Take the records below and print them verbatim up to and including the line that carries "1202 N Ventana, Placentia, CA".

━━━━━━━━━━━━━━━━━━━━

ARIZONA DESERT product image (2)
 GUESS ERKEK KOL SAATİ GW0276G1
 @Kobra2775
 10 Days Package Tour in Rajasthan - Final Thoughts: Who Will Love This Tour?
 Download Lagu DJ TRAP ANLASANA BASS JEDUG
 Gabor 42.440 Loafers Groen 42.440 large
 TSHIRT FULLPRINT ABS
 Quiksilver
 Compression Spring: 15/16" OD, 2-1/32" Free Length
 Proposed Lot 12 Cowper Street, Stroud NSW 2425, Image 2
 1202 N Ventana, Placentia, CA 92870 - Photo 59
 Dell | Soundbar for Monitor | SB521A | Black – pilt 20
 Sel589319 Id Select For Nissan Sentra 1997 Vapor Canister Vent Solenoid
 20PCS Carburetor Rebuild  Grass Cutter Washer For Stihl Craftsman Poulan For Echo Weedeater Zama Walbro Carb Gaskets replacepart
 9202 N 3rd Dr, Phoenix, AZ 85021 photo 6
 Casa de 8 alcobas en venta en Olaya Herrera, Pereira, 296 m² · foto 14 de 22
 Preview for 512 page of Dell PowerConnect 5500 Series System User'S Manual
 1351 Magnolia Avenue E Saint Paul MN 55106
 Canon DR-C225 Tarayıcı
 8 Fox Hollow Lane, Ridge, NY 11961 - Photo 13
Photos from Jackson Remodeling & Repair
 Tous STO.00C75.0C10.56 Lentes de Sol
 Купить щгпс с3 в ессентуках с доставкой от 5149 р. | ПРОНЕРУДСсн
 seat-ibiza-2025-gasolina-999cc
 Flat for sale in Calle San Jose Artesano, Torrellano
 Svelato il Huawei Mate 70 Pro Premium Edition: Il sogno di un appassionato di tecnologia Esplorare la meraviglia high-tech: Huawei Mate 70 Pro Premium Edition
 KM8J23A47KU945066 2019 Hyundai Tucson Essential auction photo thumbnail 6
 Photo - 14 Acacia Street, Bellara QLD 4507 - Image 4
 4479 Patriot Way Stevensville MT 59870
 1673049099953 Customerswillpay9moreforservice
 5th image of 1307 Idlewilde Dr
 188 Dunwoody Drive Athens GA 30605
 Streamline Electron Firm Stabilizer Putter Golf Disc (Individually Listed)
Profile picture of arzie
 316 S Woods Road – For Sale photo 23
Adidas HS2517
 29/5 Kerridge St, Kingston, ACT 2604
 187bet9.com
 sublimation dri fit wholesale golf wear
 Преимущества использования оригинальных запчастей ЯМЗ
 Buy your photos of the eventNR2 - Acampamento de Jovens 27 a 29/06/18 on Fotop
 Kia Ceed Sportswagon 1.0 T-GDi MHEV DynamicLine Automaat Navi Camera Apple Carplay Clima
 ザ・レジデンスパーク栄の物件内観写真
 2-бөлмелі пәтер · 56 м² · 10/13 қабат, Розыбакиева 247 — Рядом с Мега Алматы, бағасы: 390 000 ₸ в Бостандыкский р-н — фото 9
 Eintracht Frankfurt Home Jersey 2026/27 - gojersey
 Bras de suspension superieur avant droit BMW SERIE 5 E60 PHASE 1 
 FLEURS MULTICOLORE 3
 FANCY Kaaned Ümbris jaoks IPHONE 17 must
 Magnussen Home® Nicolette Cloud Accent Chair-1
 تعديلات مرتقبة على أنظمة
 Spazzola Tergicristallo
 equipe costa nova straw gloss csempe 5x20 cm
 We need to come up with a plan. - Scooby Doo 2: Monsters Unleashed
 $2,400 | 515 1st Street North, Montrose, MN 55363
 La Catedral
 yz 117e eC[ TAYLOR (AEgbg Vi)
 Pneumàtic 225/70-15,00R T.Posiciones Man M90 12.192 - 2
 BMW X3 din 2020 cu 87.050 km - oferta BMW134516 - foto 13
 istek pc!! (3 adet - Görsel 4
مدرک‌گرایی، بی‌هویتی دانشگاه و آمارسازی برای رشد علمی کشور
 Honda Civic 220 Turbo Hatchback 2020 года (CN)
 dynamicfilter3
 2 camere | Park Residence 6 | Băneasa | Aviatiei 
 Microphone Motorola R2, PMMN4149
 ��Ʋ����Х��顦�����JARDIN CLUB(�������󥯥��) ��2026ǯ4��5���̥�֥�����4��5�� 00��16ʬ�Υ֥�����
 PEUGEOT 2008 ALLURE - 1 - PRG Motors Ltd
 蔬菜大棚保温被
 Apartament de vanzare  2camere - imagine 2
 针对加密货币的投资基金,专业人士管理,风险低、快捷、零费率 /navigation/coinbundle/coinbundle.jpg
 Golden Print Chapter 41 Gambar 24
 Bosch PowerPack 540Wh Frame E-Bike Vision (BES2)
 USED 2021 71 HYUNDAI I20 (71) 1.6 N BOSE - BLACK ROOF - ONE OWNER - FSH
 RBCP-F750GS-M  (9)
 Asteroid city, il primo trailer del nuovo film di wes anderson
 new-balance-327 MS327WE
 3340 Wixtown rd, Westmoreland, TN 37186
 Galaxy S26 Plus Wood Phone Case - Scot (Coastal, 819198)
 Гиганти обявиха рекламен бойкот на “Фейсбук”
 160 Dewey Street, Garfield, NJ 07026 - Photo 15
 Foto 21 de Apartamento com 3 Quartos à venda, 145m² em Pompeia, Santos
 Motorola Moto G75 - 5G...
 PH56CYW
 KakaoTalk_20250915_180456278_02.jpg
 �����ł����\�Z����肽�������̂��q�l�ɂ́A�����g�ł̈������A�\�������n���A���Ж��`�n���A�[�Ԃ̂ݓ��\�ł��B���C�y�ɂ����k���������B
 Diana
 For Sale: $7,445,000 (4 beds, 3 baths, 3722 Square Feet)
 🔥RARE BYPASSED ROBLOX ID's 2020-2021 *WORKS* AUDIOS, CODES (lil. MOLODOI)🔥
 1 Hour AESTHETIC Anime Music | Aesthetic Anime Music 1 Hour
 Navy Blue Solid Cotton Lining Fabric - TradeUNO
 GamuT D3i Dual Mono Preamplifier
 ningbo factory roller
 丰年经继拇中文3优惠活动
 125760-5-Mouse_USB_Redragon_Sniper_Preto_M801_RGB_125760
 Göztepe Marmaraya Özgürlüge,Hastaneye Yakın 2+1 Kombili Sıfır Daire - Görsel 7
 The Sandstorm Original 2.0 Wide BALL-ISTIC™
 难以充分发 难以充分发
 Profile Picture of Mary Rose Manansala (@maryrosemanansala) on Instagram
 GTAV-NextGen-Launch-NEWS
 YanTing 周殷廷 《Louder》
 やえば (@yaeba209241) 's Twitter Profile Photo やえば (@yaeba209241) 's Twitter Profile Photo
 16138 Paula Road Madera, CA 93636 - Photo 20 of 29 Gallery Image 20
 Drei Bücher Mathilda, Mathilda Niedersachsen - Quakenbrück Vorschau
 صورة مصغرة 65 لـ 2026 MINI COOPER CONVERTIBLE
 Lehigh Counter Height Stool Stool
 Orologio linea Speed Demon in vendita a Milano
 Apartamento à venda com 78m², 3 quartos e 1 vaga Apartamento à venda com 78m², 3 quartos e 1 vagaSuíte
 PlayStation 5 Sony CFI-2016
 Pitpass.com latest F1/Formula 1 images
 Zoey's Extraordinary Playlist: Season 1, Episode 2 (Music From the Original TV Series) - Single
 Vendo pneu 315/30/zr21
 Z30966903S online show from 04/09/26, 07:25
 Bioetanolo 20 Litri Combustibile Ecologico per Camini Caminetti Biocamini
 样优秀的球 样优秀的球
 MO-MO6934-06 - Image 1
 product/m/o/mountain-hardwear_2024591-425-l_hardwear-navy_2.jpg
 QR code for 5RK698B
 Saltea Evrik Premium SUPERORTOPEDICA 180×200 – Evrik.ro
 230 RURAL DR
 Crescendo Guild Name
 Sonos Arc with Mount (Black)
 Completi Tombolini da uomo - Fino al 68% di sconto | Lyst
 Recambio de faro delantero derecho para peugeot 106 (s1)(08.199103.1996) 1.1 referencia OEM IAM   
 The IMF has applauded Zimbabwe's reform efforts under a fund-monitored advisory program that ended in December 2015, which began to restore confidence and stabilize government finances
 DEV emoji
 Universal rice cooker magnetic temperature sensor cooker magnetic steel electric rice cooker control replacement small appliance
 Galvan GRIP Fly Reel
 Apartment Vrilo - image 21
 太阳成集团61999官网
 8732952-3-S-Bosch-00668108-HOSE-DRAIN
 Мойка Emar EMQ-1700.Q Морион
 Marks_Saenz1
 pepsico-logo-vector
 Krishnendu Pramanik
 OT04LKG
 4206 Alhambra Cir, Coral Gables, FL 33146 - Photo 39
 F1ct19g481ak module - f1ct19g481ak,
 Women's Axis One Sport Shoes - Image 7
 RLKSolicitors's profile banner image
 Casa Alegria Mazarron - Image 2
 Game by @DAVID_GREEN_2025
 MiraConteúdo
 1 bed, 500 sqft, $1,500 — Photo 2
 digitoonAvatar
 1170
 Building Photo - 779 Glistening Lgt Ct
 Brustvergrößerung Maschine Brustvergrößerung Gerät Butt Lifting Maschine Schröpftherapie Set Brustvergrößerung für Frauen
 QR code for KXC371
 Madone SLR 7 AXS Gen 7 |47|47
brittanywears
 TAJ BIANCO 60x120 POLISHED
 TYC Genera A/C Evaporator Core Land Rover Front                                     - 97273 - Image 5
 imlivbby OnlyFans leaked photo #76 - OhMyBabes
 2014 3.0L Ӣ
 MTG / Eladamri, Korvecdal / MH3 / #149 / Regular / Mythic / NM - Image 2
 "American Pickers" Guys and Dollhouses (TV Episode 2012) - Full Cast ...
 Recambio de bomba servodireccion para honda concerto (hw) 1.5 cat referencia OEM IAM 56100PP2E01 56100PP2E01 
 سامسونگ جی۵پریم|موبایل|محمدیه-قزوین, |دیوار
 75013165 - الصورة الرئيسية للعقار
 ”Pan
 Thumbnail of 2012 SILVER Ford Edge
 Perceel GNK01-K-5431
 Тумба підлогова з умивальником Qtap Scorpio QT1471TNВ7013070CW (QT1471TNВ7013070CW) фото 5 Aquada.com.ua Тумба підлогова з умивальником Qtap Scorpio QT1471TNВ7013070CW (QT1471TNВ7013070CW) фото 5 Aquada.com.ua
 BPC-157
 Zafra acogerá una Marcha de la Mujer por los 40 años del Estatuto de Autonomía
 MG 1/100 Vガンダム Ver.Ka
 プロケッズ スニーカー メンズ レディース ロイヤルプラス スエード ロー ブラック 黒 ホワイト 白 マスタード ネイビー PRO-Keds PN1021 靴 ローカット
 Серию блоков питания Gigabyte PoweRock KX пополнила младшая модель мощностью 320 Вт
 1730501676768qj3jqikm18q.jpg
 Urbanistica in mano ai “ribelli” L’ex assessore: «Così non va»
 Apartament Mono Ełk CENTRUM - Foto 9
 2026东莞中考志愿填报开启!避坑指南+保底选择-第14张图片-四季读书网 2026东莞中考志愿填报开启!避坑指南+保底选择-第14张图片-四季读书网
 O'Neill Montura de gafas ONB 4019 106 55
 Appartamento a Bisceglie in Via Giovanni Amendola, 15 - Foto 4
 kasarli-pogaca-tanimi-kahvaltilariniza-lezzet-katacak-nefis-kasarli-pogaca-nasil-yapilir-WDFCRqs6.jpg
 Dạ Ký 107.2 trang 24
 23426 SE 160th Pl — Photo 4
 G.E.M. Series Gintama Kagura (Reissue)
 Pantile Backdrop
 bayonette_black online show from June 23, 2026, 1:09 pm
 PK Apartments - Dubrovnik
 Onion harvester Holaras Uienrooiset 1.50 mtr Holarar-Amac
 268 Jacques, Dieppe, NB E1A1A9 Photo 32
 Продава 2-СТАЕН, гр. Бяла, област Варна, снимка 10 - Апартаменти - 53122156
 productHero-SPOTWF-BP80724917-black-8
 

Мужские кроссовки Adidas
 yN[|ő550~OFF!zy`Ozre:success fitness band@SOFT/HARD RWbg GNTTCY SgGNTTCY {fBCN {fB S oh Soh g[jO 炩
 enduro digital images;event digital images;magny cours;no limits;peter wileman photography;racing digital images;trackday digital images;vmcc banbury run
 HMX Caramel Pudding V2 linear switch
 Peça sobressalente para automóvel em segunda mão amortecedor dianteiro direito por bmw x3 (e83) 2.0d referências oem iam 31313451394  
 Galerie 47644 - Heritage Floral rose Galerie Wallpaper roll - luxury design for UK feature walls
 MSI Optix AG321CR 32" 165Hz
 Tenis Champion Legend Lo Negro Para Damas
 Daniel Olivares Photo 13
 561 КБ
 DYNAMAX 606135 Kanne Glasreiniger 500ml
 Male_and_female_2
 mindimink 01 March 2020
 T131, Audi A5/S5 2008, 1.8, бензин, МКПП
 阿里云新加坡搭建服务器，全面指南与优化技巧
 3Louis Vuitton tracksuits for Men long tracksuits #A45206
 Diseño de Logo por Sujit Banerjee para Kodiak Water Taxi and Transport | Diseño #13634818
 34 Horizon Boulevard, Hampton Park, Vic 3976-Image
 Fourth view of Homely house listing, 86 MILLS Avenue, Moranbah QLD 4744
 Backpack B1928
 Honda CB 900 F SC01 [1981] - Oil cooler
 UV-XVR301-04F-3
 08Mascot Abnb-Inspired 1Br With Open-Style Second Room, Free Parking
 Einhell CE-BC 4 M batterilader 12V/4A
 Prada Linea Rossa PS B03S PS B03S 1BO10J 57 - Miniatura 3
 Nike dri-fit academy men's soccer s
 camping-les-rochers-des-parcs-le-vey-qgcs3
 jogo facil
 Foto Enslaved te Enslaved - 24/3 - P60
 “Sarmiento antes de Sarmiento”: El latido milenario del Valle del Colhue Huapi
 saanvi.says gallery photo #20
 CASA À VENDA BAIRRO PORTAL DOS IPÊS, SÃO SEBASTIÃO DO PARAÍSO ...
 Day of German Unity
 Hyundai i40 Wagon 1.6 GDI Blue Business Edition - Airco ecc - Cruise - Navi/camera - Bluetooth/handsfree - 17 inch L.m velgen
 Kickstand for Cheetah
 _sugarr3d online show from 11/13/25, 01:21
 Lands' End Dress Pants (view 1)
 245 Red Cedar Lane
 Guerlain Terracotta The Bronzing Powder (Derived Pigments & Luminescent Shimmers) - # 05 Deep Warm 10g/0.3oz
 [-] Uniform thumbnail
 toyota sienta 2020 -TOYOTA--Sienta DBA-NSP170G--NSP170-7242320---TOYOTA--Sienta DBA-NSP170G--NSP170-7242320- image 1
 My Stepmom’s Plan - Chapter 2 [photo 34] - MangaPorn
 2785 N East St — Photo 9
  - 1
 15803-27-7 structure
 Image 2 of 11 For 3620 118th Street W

━━━━━━━━━━━━━━━━━━━━

## Response
ARIZONA DESERT product image (2)
 GUESS ERKEK KOL SAATİ GW0276G1
 @Kobra2775
 10 Days Package Tour in Rajasthan - Final Thoughts: Who Will Love This Tour?
 Download Lagu DJ TRAP ANLASANA BASS JEDUG
 Gabor 42.440 Loafers Groen 42.440 large
 TSHIRT FULLPRINT ABS
 Quiksilver
 Compression Spring: 15/16" OD, 2-1/32" Free Length
 Proposed Lot 12 Cowper Street, Stroud NSW 2425, Image 2
 1202 N Ventana, Placentia, CA 92870 - Photo 59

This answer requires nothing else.